Sept Français sur dix sont mécontents de l'affiche du second tour, selon un sondage.
"Quel que soit le président, il y aura un danger", assène Yves, étudiant communiste à Rennes (ouest) qui refuse de choisir le 7 mai entre l'extrême droite et le social-libéral Emmanuel Macron, un ancien banquier de 39 ans.
Comme lui, plusieurs milliers de lycéens et d'étudiants en colère ont défilé jeudi dans toute la France au cri de "ni Le Pen, ni Macron; ni patrie, ni patron", renvoyant dos à dos le projet "fasciste" de la première et "capitaliste" du second.
Si la qualification surprise de Jean-Marie Le Pen - père de Marine et co-fondateur du FN - au second tour de la présidentielle de 2002, avait suscité un "front républicain" et un rassemblement quasi-unanime derrière son adversaire d'alors Jacques Chirac, quinze ans plus tard, l'ambiance est radicalement différente.
"Il y a une sorte de diabolisation d'Emmanuel Macron", qui se voit notamment reprocher son passé de banquier d'affaires, "alors qu'en 2002 c'était à l'encontre de Jean-Marie Le Pen", souligne l'historien Jean Garrigues.
"Il y a des oppositions entre des mondes - grandes villes contre périphéries -, avec des gens qui ne se comprennent plus parce qu'ils n'ont plus la même expérience de vie", note Arnaud Mercier, spécialiste des réseaux sociaux.
Depuis la crise économique de 2008, les lignes de fractures se sont creusées, notamment entre protectionnistes, souvent partisans de la sortie de l'euro, et défenseurs d'une Europe ouverte.
"La société est devenue violente pour tout un tas de gens" et cela génère "des attitudes, des discours qui se radicalisent", souligne Arnaud Mercier. "Je le mesure à ce qui se dit sur les réseaux sociaux".
'Désillusion, rancoeur'
Gérard Siad, un chef d'entreprise parisien de 52 ans, se dit "effrayé de voir que la France est extrêmement fracturée, en quatre blocs. On en arrive à une situation très tendue. Le front républicain ne fonctionne pas".
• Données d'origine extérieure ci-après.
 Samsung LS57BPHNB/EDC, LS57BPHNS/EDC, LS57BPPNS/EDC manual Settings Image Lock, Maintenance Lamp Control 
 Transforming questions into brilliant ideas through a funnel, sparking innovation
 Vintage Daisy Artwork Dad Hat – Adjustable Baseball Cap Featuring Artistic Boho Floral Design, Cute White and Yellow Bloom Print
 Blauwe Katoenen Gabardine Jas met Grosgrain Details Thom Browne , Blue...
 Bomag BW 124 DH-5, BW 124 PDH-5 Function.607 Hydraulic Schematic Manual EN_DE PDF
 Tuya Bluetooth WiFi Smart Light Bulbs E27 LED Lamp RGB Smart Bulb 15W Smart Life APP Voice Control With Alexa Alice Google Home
Au premier tour, quatre candidats ont obtenu entre 19% et 24% des voix, du jamais vu en France. Les partisans des deux candidats restés au pied du podium, le tribun de la gauche radicale Jean-Luc Mélenchon et le conservateur François Fillon, sont en colère.
Les partisans de Jean-Luc Mélenchon, s'exaspèrent d'être "sommés" de voter pour Emmanuel Macron afin de faire barrage à sa rivale, à l'instar de leur chef de file qui refuse de donner une consigne de vote.
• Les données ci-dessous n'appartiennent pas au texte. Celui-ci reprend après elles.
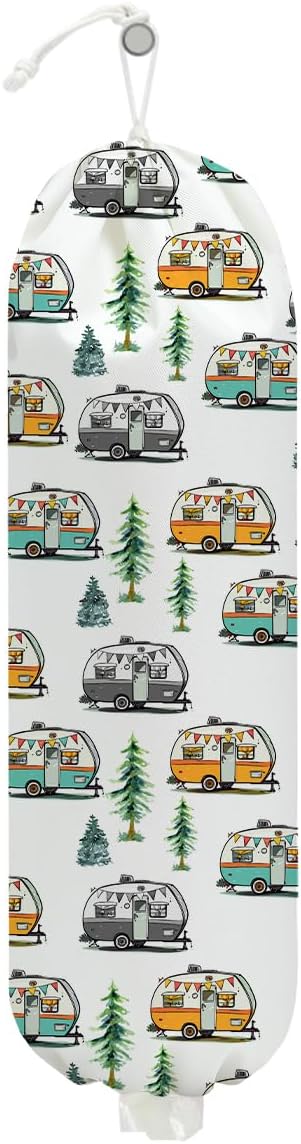 Wall-Mounted Trash Bag Holder & Grocery Bag Organizer for Camping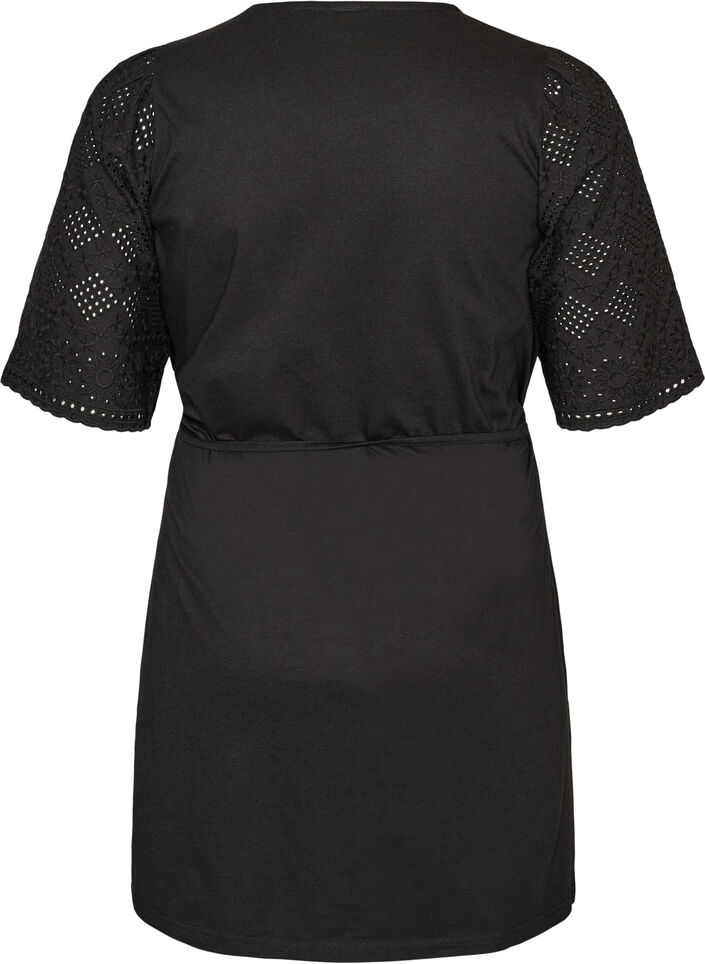 Katoenen jurk met broderie anglaise mouwen en een strik in de taille, Zwart, Packshot image number 1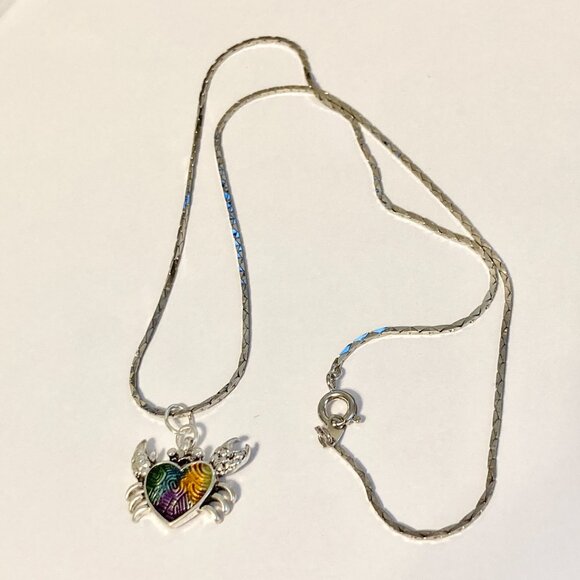 Crab Necklace Silver Plated 19" Enamel Sea Life Beach Island Zodiac Cancer - Picture 7 of 9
"Marine Le Pen, je l'exècre, je la vomis, mais je me dis, est-ce que la France n'a pas besoin d'un vrai électrochoc ?", s'interroge Vanessa Harounyan, enseignante à Marseille (sud-est), tentée par l'abstention.
A droite, beaucoup d'électeurs ne digèrent pas la défaite historique de leur champion François Fillon, qui pour la première fois depuis 60 ans exclut les conservateurs du second tour d'un scrutin présidentiel.
Il y a "une désillusion terrible, une rancoeur, une amertume", note Jean Garrigues. Avant d'être rattrapé par les affaires, M. Fillon était largement favori du scrutin.
"Je ne peux pas voter Macron et le combattre ensuite aux élections législatives" de juin, "ce n'est pas possible", martèle Antoine Bulard, étudiant en droit de 20 ans.
Malgré les nombreux amis qui l'ont appelé à "prendre ses responsabilités" pour empêcher l'élection de Marine Le Pen, il a décidé de voter blanc.